In total, including all four types of armed forces, hundreds of fighting groups are active in Syria, all of them fight against the regime, but also among themselves. The divisiveness and the controversies weaken them, but worse than this is the fact that even after the collapse of the Asad regime, these militias will continue to fight each other, due to their different agendas and conflicting goals: the militia of a Christian village will fight to the death against a Salafi jihadist militia, in order to defend the members of the village from the sword of Islam. The Christians in Syria know well what happened to their brothers in Iraq, and what is now happening to them in Egypt, in Gaza and all over the Islamic world, but for now, the Christians in Syria – who represent 3 to 5 percent of the population – remain there.

In parallel, there is a phenomenon that we have focused on since the riots in Syria began in March of 2011: the rise of the sectarian component, which has been hidden all the years under a heavy dampening carpet. At this point it is clear that when the regime collapses, the Alawites who live in the Sunni cities – Damascus, Homs, Hama, Alleppo and others – will have to flee for their lives in order to keep the connection between their heads and their shoulders. Whoever remains may be slaughtered with the cry of “Allahu Akbar” in the throats of the killer and his friends. For some months now the Alawites have been streaming weapons and ammunition to the mountains of Ansaria in the Western area of the state, in order to defend the area which was allocated to them for their own protection because of their heresy. Then the French Mandate made the Alawites into rulers over the others, so that the Alawites could rule “without having to answer to a High Court or human rights organizations”. The Alawites have already begun to deport the Muslims from the coastal cities – Latakia, Tartoum, and Banias – who came to the area in order to work there over the past decades, as a sort of “religious cleansing” in order to create for themselves a homogeneous Alawite state, which will be “Muslim-rein”.
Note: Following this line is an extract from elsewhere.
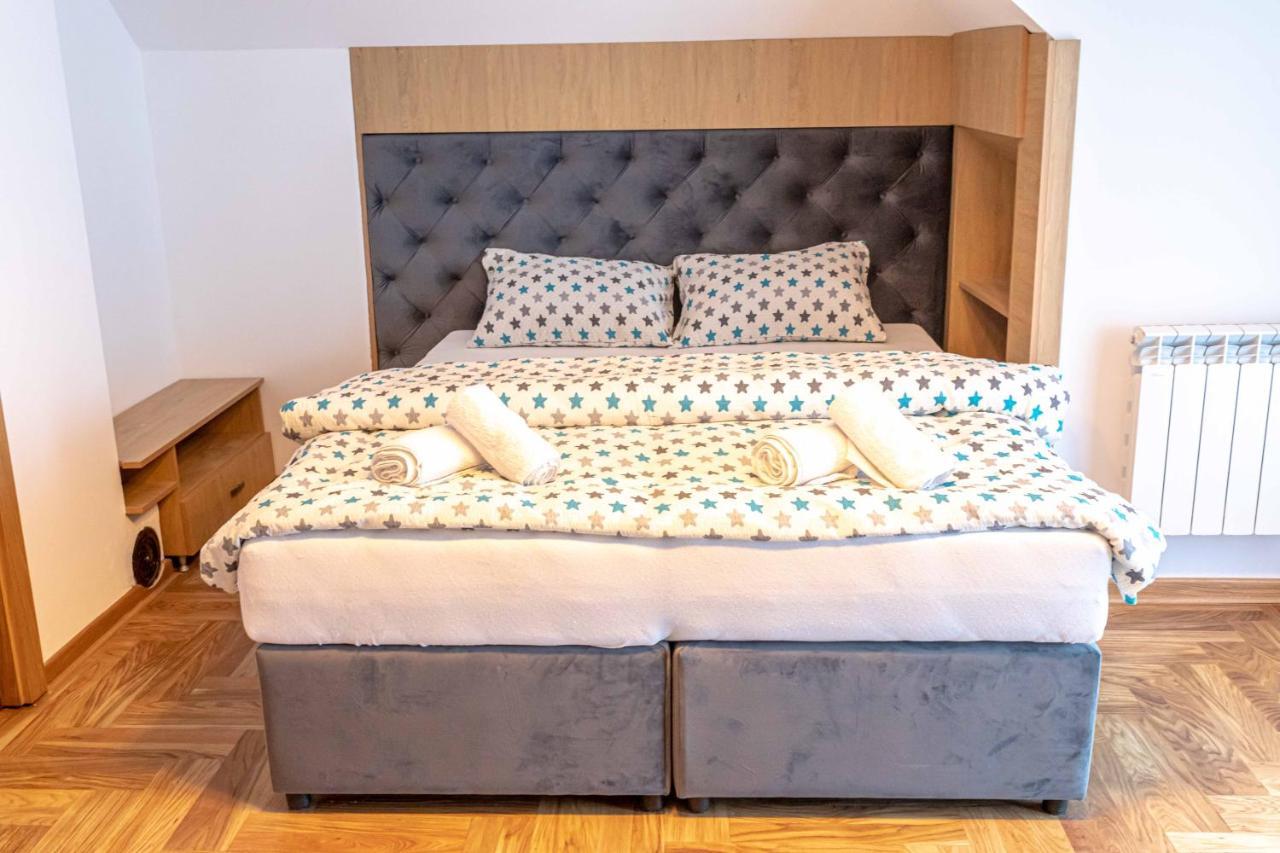 City Escape Luxury Villa Zuce Dış mekan fotoğraf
The Kurds already control broad areas in their district in Northeast Syria, while being helped by their brothers who live in Iraqi Kurdistan, and it seems that also their brothers in Turkey support them. Most of them do not have Syrian citizenship because of the regime’s claim that they are infiltrators from Turkey; Syria does not even recognize them as a distinct group with a non-Arabic language, deserving the right to establish their own schools in the areas in which they live. 
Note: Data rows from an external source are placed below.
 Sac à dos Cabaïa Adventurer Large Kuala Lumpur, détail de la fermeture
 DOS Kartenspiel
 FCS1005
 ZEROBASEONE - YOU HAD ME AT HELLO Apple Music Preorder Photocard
The Druze in Southern Syria live in Jabal al-Druz, the Mountain of the Druze, a volcanic zone covered with boulders of immense dimensions, a district which is named for its capital al-Suida. The French Mandate forced the Druze to join with Syria in the blood-soaked war that began in August 1925. In order to blur their distinct religious identity, the Syrian regime changed the name of the mountain to Jabal al-Arab “Mount of the Arabs”, but they remained faithful to their Druze identity and their tribal tradition, and it could very well be that they will also try to establish for themselves a separate state.

The Bedouins, who live in the Eastern district of Dir a-Zur have never liked the city dwellers, because they are different culturally. It is reasonable to assume that they also will aspire to establish for themselves a separate political entity. Great love has never existed between the two main cities, Damascus and Aleppo, and therefore it may be that these two centers will prefer to disengage from each other in the wake of Syria’s collapse.

The future of Syria will call to mind the past of Yugoslavia, as well as the present situation in Iraq and Lebanon, because the fundamental problems of these states exist also in Syria. The stabilization of the separate parts as legitimate political and governmental entities will take years, in the process of which much blood will be shed in never-ending conflicts between various groups based on ethnicity, tribe, religion and sect. The illusion of Syrian patriotism and the dream of Arab nationalism, which has become the bloody nightmare of the “Arab Spring”, shatter on the hard ground of the separatist, group-based reality, which is alive and kicking in the Middle East.

The president is dead, long live the new emir!!!